For an alternative, I'd recommend using strstr() (or an alternative implementation that doesn't require nul-byte termination) to locate the end-of-line substring, and then starting your next search where you found the last occurrence, plus the length of your substring. See the note below on nul-byte termination. A simplified example:

  const char *delim = "\n";                                                                                                                          
  const char *start = src;                                                                                                                           
  const char *end = NULL;                                                                                                                            
  const int srclen = statbuf.st_size;                                                                                                                
  const int delim_length = strlen(delim);                                                                                                            

  while (start && start < (src + srclen)) {                                                                                                          
    end = strstr(start, delim);                                                                                                                      

    if (NULL == end) {  
      // use of %.* to print at most X chars from string.                                                                                                                             
      printf("Token: %.*s\n", (int) (src + srclen - start), start);                                                                                 
      break;                                                                                                                                         
    } else {                                                                                                                                         
      printf("Token: %.*s\n", (int) (end - start), start);                                                                                           
      start = end + delim_length;                                                                                                                    
    }                                                                                                                                                
  }                     

mmap region may not end in a nul byte (as suggested by comment)

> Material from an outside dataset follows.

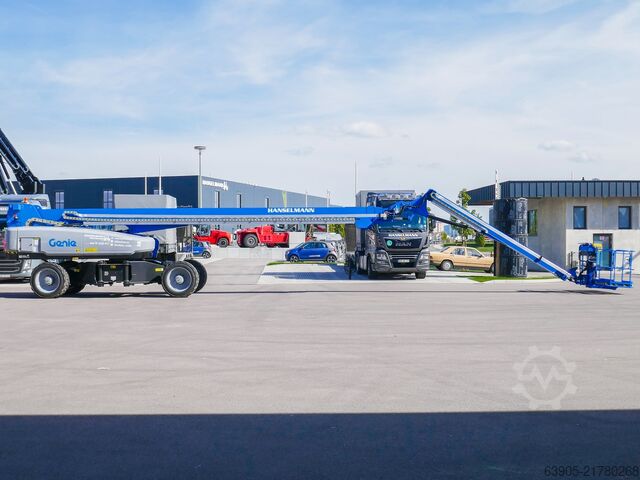 Telescopic work platforms Genie SX-135 XC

strstr() works on null-terminated strings. Your mmapped region may not end with a null byte. It is likely that the kernel erases the remainder of the last mmapped memory page (past the end-of-file) with \0s to avoid data leaks between processes, but if your file length is exactly a multiple of the page-size, you'll have trouble with using strstr() -- there won't be a nul byte to get your back.

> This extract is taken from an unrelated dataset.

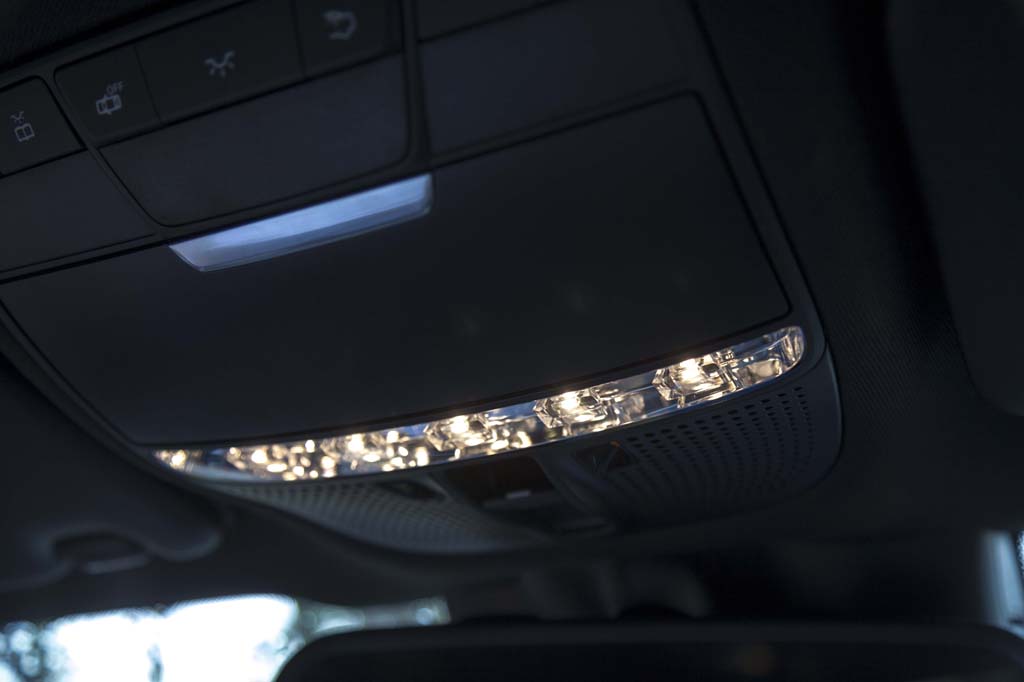 车内的LED照明灯具，非常华丽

You could roll out your own little string finder strnstr(). Or force another null page to be stamped at the end.

init_js
  • 4,143
  • 2
  • 23
  • 53
  • 1
    You should not use `strstr` because the `mmap`ped buffer is not necessarily `'\0'` terminated. – chqrlie Nov 24 '15 at 21:43
  • thanks @chqrlie. you are correct. this sent me in a little test spiral. `read()` calls are allowed when `seek()`ing past EOF (returns 0B), so I wondered what asking mmap a region bigger than the file would yield. What I ended up finding (on linux at least) was that the last buffer page containing file data will be filled with zeroes if the file size isn't a multiple of the page size. Reading a 10B file into an 8MB mmap buffer (w/ 4K page) for instance will give you zeroes for indices 10 to 4095, but if you read anything between index 4096 and 8MB, you'll get a bus error (SIGBUS). – init_js Nov 25 '15 at 03:58
2

strtok() modifies the char array to which you pass a pointer.

You mmap the file in read only mode, so you get a violation when strtok tried to modify the memory.

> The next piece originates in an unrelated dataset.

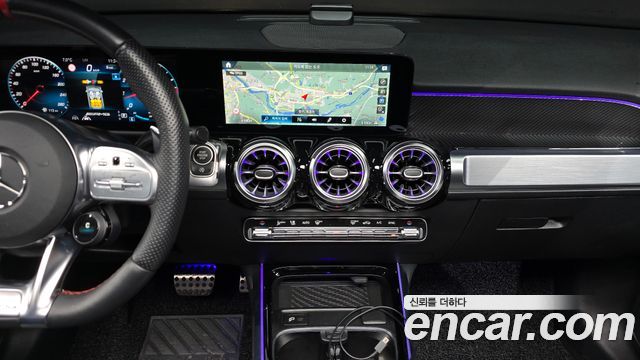 Mercedes-Benz GLB-Class 2023 — photo 15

It would be a bad idea to mmap the file in read+write mode, the file would be modified and probably corrupted.

strtok is inappropriate for you purpose, write your own matching function that does not modify its argument array and returns offsets and lengths.

Also be aware that the mmapped memory should not be accessed beyond the size of the file and is not necessarily '\0' terminated, hence you should not use string functions to search into it (strchr, strstr, strlen...) nor copy from it (strcpy).

chqrlie
  • 131,814
  • 10
  • 121
  • 189